Wide apical foramen, thin canal walls, necrotic pulp would, in year 2000, condemn this tooth and have it replaced by an implant supported crown.
Thinking out of the box to preserve that tooth, this MTA (Mineral Trioxide Aggregate) apical plug also known as a ceramic material has been performed by the author back in 2001. Legend #1 on XRay dental film displays an MTA apical obturation. Last image to the right is a 5 years follow up X ray dental film showing perfect bone healing. Today, almost 13 years later, the tooth is still asymptomatic and functional. So far so good!
Back then, ceramic material MTA was not intended to be used as a a root canal filler material but as a perforation/resorption repair material or as a retrofill material. Thus using this ceramic material as an orthograde filler to create an apical barrier in this instance makes it most likely one of the earliest ceramic application procedure of this type ever attempted to preserve a tooth. Outcome success in this case is due to the ceramic following advantages:
Highly antibacterial due to its 12,8 pH, biocompatible, non inflammatory in case of material extrusion, has the ability to form hydroxyapaptite thus create a real bond to dentine, hydrophilic, does not shrink
The only drawback is that MTA has such a large particle size which limits its application as a filler to relatively wide canals such as this one.

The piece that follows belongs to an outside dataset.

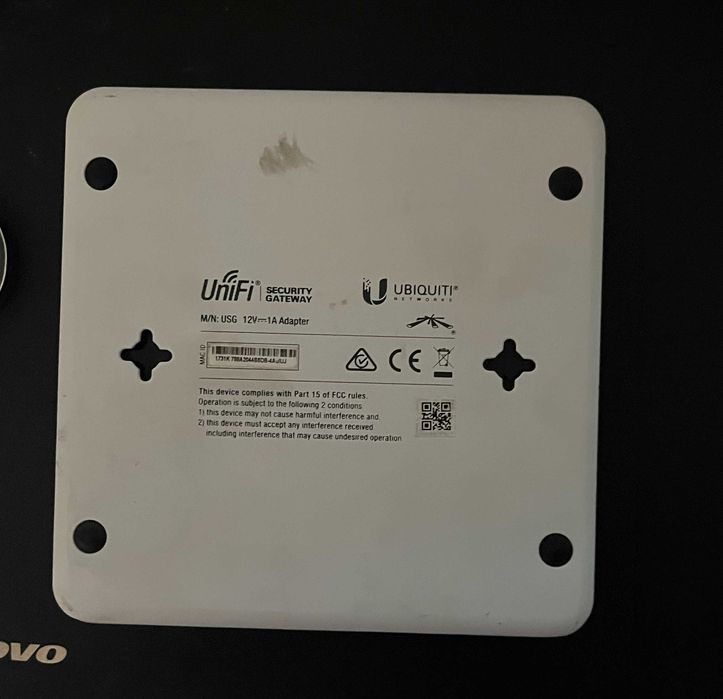 UniFi Security Ubiquiti Gateway router USG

Back then, MTA was not intended to be used as a filler and most certainly not as a sealer. Today, 13 years later, because of recent nanotechnology development, some researchers pushed the concept one step further and a new type of premixed root canal Bioceramic sealer material is being marketed by Brasseler USA: EndoSequence BC Sealer. According to the manufacturer, the particle size of BC Sealer is so fine (less than two microns), it can actually be delivered with a 0.012 capillary tip. A promising sealer that seems to offer all the benefits associated with bioceramic material. The only drawback is its non recommended use as a filler material in teeth that might one day need an endodontic revision. This material bond to the dentine and cannot be removed from canal, thus surgery is the only left available option for a tooth filled with a Bioceramic sealer.